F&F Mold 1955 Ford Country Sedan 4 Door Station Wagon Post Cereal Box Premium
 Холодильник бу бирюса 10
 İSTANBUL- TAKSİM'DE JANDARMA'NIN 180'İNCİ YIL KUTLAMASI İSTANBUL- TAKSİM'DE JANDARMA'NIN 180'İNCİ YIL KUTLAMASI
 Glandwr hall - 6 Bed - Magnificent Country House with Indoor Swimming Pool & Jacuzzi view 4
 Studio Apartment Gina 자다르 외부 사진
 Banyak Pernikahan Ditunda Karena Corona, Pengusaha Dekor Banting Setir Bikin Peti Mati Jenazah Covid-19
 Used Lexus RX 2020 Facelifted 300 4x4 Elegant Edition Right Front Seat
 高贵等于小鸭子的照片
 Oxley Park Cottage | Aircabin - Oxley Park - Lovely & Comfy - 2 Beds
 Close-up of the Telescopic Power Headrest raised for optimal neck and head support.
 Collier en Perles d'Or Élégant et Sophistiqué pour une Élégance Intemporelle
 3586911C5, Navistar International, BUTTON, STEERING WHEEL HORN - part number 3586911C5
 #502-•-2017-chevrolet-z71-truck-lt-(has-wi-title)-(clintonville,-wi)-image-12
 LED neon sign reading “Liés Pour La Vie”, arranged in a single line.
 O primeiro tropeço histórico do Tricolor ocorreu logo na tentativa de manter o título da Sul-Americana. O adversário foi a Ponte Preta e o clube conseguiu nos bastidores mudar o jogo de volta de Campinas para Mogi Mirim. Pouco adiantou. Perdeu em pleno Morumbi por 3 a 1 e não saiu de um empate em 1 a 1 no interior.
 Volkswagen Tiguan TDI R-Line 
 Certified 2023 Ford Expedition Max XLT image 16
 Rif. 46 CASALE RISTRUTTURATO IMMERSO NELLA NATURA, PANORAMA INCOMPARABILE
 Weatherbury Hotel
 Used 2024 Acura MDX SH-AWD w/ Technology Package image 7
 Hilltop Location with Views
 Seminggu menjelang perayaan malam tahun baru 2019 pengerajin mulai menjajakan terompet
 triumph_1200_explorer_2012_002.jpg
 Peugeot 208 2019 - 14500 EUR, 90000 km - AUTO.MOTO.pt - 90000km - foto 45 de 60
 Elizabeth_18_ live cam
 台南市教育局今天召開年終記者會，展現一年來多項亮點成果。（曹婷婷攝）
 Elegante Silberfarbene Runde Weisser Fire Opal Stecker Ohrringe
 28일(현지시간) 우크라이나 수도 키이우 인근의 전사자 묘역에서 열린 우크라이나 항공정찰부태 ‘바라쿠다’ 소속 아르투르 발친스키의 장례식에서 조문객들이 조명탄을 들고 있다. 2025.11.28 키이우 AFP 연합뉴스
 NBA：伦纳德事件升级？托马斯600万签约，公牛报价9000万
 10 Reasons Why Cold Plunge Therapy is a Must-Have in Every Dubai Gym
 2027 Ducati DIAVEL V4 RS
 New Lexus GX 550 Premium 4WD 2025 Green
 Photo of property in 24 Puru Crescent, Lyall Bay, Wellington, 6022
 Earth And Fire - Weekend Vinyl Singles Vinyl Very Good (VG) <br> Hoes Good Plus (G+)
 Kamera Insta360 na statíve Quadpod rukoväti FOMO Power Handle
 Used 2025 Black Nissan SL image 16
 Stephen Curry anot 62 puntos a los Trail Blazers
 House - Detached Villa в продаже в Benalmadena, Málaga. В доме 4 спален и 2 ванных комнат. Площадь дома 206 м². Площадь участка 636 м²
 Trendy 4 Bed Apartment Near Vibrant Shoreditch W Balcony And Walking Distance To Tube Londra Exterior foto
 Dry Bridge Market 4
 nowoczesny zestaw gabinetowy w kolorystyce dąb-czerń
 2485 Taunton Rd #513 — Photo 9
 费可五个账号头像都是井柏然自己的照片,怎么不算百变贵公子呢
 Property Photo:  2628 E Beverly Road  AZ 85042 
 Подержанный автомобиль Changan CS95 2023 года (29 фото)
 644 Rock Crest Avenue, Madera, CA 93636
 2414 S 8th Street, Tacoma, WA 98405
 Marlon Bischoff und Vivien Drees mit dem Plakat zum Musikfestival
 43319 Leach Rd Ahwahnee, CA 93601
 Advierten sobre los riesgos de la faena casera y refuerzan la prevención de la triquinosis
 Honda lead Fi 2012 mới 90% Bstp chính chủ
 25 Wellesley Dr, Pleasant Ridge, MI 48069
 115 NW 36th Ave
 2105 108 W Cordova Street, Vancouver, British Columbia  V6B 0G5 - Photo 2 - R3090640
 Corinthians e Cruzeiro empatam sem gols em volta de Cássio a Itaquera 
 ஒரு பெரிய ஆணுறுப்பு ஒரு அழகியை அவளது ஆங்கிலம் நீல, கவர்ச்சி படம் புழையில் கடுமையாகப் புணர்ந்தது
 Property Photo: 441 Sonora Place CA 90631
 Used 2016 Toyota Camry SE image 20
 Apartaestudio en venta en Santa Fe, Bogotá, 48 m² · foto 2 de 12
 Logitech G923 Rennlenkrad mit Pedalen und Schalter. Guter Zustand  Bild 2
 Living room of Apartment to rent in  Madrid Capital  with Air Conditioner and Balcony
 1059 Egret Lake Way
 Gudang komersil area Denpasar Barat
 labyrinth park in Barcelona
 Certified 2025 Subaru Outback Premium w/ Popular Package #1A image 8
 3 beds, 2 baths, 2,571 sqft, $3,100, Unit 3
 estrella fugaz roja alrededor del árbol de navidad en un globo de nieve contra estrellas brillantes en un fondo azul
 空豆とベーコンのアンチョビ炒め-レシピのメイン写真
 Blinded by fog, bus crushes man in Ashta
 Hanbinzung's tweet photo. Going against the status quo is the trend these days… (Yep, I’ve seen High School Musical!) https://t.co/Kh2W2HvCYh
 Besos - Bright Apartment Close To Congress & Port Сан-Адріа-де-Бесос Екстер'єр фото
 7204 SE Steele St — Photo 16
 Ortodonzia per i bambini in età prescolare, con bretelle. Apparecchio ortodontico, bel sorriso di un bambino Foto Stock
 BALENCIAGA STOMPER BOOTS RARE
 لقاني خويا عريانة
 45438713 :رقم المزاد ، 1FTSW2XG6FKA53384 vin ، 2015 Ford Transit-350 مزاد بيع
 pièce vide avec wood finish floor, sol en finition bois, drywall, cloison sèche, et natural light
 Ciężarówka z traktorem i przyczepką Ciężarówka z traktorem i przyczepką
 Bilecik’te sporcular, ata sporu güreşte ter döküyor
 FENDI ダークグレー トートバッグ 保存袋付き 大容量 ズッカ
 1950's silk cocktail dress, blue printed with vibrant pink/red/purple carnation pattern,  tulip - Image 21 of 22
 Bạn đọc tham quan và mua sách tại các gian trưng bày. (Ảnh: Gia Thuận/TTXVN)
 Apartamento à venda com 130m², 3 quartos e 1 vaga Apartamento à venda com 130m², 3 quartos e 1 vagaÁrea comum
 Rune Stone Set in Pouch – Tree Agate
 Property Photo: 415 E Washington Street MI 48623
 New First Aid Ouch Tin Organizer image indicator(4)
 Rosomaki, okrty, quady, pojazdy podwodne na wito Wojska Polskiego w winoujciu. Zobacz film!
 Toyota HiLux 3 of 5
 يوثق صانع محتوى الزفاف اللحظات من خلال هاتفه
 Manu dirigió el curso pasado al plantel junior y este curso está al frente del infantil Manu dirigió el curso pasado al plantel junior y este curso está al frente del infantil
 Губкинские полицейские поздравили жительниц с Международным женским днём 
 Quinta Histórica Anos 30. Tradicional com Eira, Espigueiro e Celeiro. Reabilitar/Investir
___
A single number is the whole answer: the tally of lines above that contain "Street".

Solution for this exercise: 3